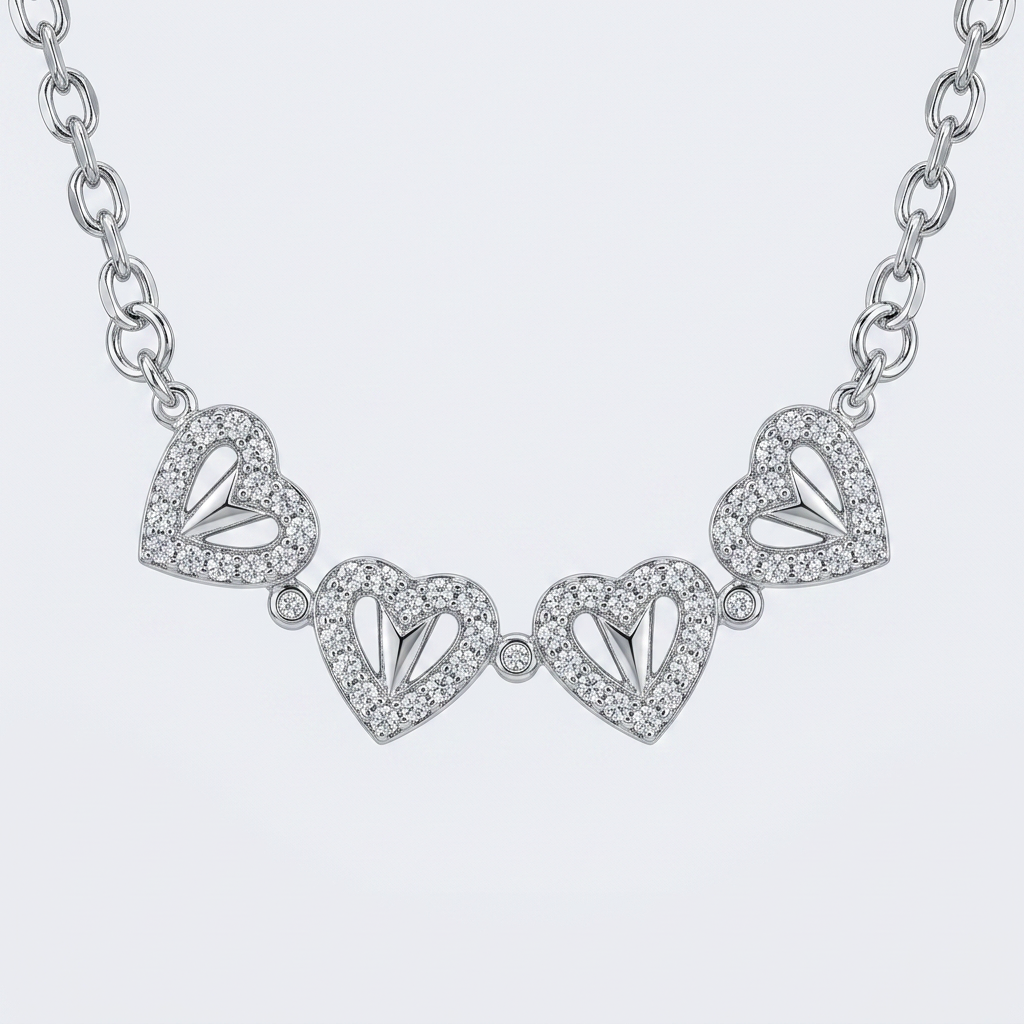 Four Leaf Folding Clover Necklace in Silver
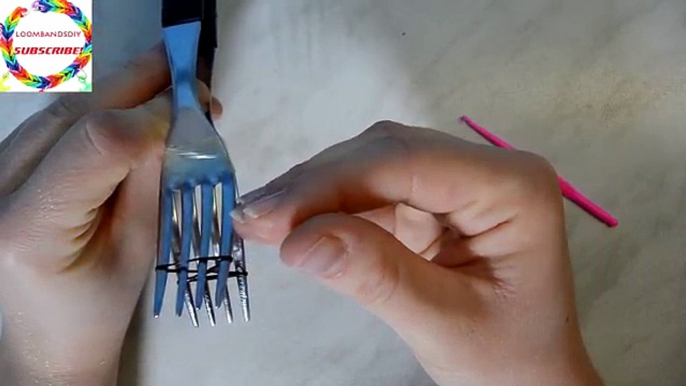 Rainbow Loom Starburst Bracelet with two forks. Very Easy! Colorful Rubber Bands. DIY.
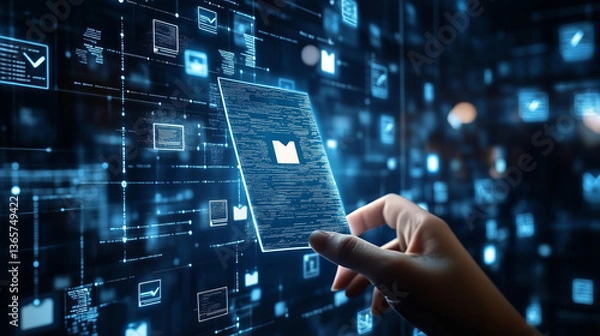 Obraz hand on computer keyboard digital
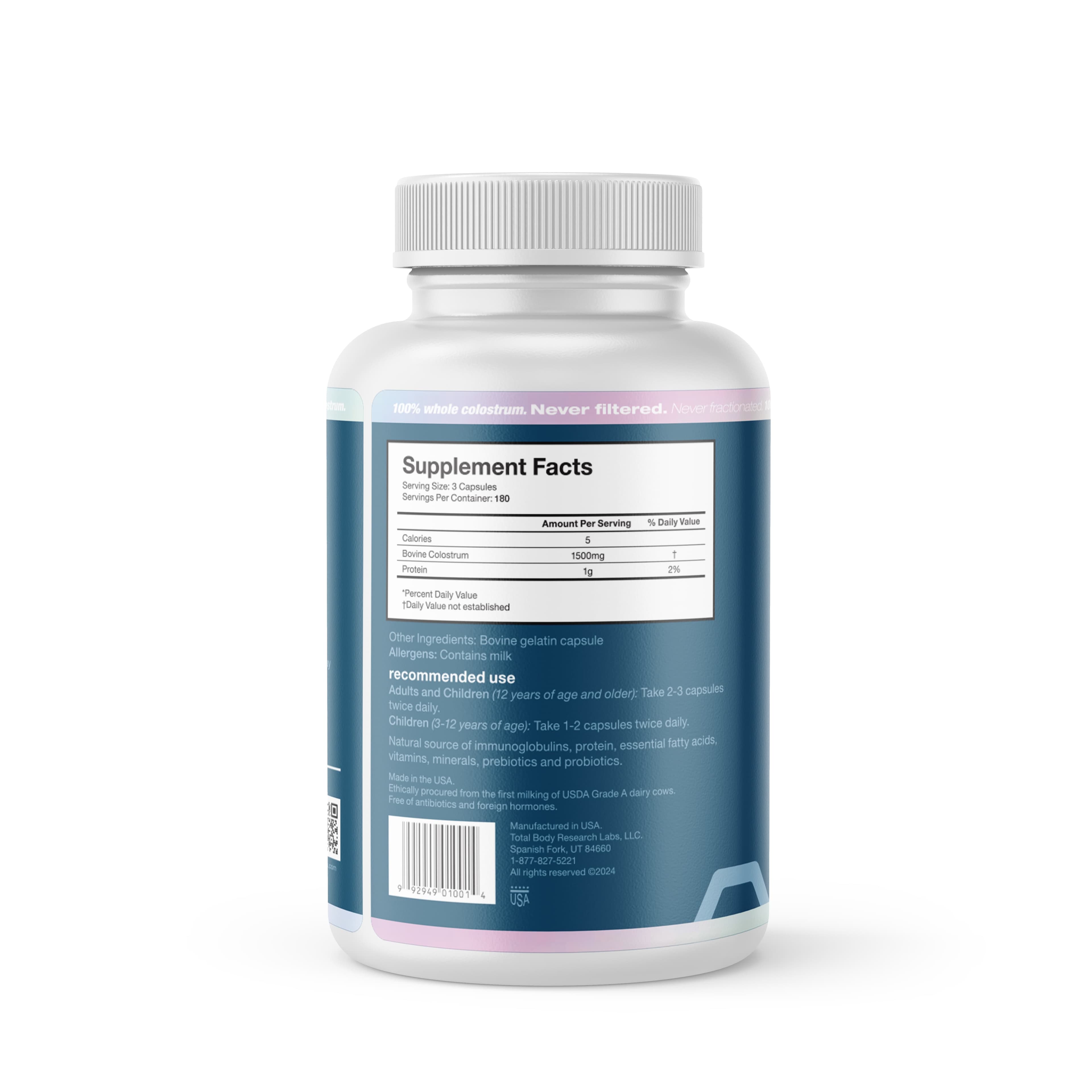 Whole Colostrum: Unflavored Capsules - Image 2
==
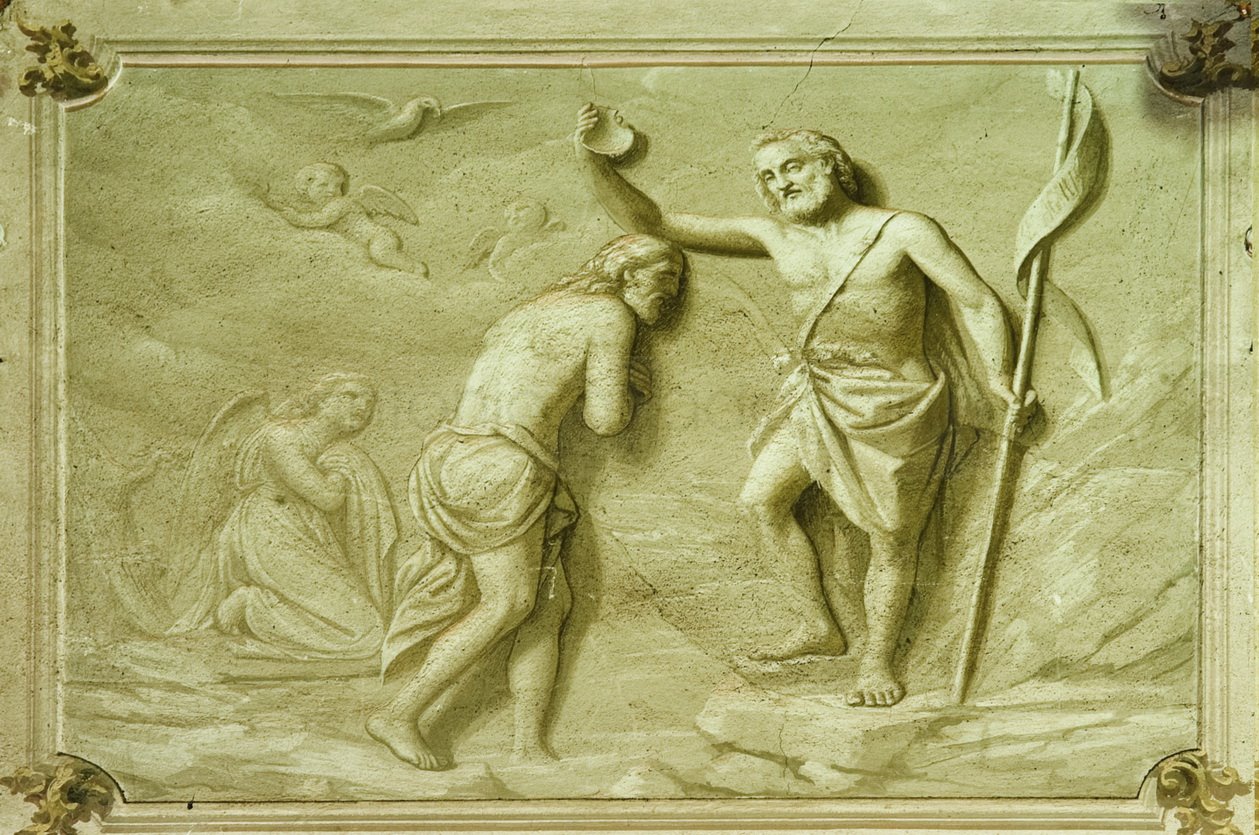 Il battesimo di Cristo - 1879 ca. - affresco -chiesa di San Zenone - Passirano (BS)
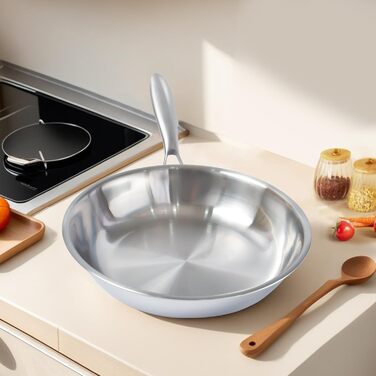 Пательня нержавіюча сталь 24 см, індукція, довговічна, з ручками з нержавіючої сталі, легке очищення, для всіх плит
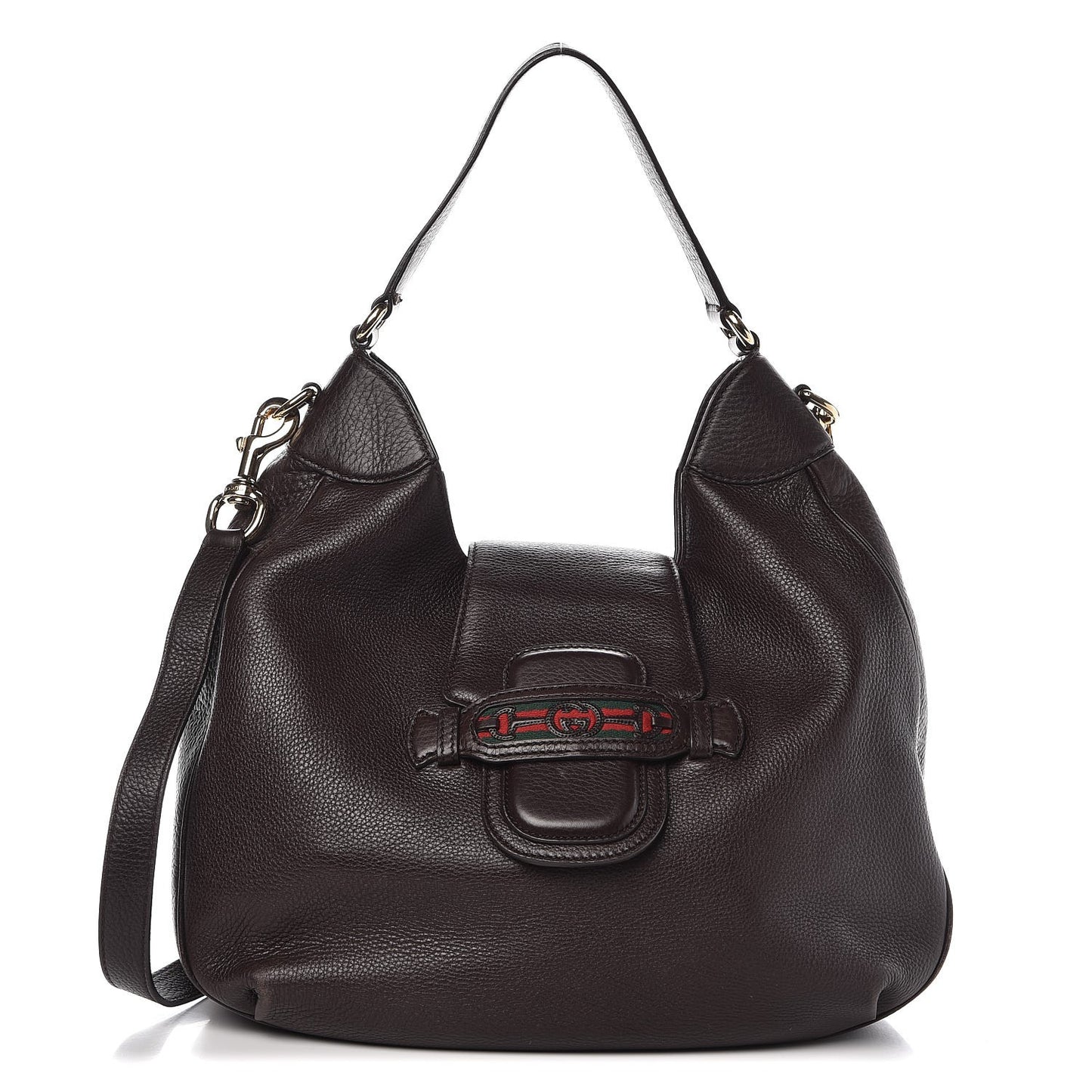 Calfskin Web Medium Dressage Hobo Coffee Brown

Task brief >>
In the listing above, find the line containing "Four Leaf Folding Clover Necklace in Silver" and the line containing "Whole Colostrum: Unflavored". Reproduce those lines and all between them exactly, with no pictures and nothing more.

Response area >>
 Four Leaf Folding Clover Necklace in Silver
 Rainbow Loom Starburst Bracelet with two forks. Very Easy! Colorful Rubber Bands. DIY.
 Obraz hand on computer keyboard digital
 Whole Colostrum: Unflavored Capsules - Image 2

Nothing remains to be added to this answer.